Toda esta paradoja global tiene, en la Argentina, rasgos particulares. Aquí el peronismo de izquierda se propuso hace décadas cambiar el “modelo sarmientino” de las escuelas públicas, y cuando tuvo todo el poder institucional y monetario tristemente lo consiguió: Baradel es la imagen de ese triunfo pírrico, y de la incultura y el retroceso que denunciaba Pérez-Reverte. Luego el kirchnerismo se propuso comprar voluntades en la grey artística, y por lo tanto hizo clientelismo cultural, consistente en producir películas y series no con la intención de llegar al gran público y fomentar una industria sustentable sino en darle conchabo a todo aquel que no se manifestara crítico de sus gobiernos: para los convencidos tenía una lista blanca y para los disidentes una lista negra; para los sumisos y callados, una política integradora y para los que pegaban donde no dolía, un agradecimiento diplomático. También operó día y noche con un adoctrinamiento infame, que se pudo ver en las aulas y en los medios de comunicación del Estado. El dinero público —becas, créditos, subvenciones directas o indirectas— mantuvo el circo en funcionamiento; al cabo de todo ese costoso proceso, no quedan más que una carpa deshilachada y unos animales amaestrados y viejos.
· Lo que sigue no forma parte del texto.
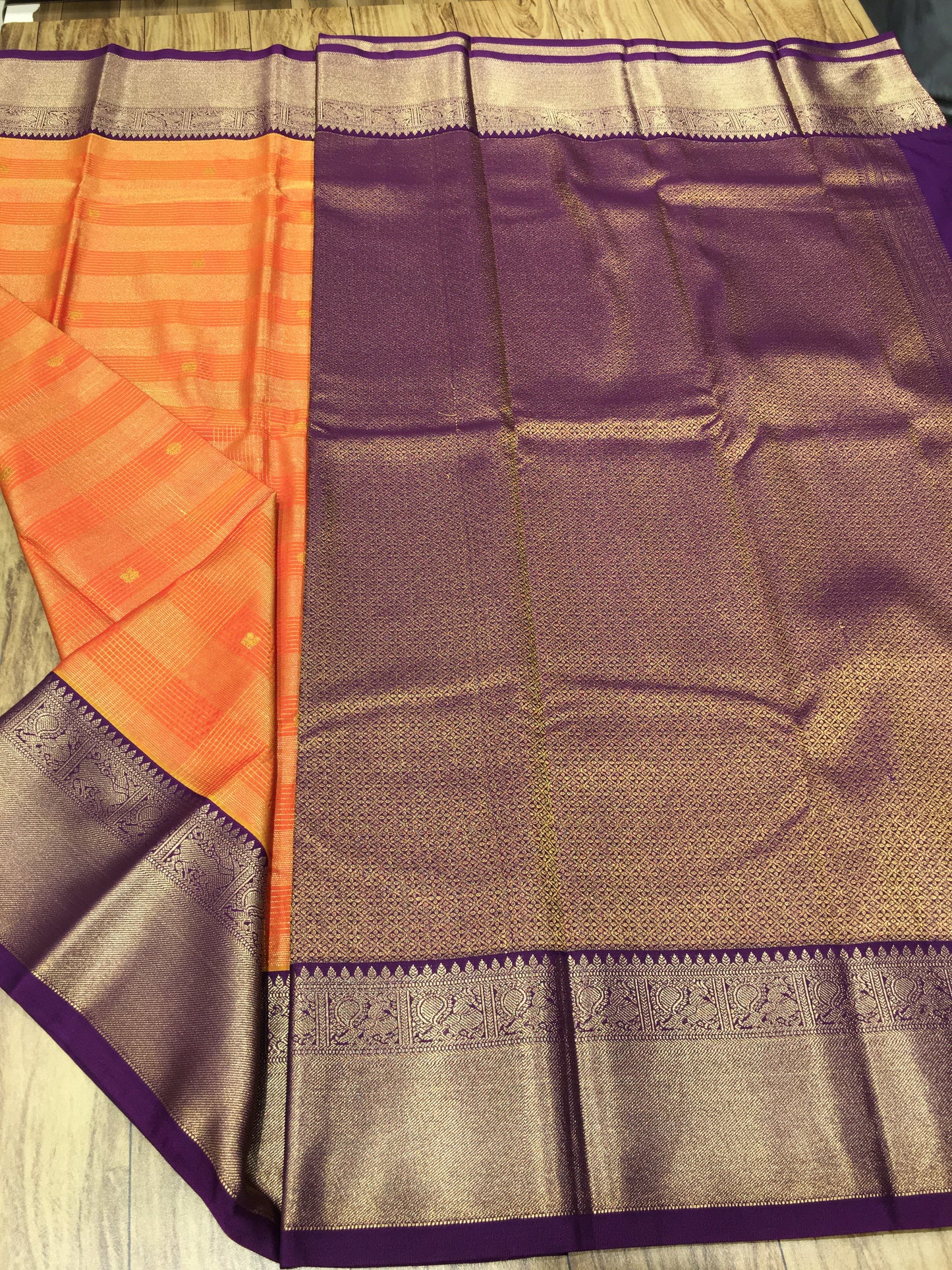 Semi Kanchipuram Silk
Fue una política de Estado, pero de mera cooptación, con pingües beneficios simbólicos; el clientelismo, sin embargo, no genera emprendimientos genuinos y perennes, sino esclavos de ocasión.
Milei vincula equivocadamente la cultura con la palabra “gasto”. Olvida de ese modo que solo se discute un proyecto con otro de similar envergadura, y que Alberdi, Sarmiento y Mitre eran esencialmente escritores con una enorme convicción cultural, probablemente sin la cual —dicho sea de paso— no habrían logrado articular y edificar aquella Argentina portentosa que él tanto admira. Luego en el siglo siguiente, los liberales de distinto palo y los mismos conservadores impulsaron un proyecto cultural caudaloso y ya mítico, cuyos emblemas literarios fueron Victoria y Silvina Ocampo, Borges, Bioy Casares y Mujica Láinez. Dejo fuera, por espacio, a pintores y músicos, y a los actores y realizadores cinematográficos de la “edad dorada”, sector este último que el peronismo —nobleza obliga— impulsó de manera indubitable, a pesar de las manipulaciones siniestras y macartistas de Apold. En 1955 la industria del cine, con todo, permanecía en pie. Hoy, después de veinte años de derroche vacuo, está de rodillas.
Es un contrasentido trágico emprender una batalla cultural aplicándole motosierra a la cultura. Y reducir esta discusión a una disputa de conventillo con Lali Espósito. Tanto ella como Milei se bastardean a sí mismos al hablar respectivamente de “antipatria” y “antipueblo”, y reducen a puro ruido una problemática crucial para la reconstrucción de este país postrado. Poniéndolo en términos algo maniqueos, digamos que la izquierda compró la cultura como ariete y escudo, y la derecha trató de ignorarla: juntos han logrado desmantelar esa fabulosa red de contención, civilizatoria y lúcida, que supimos tener en aquellos años de esplendor cultural y que hoy evoca con nostalgia y espanto el padre del capitán Alatriste.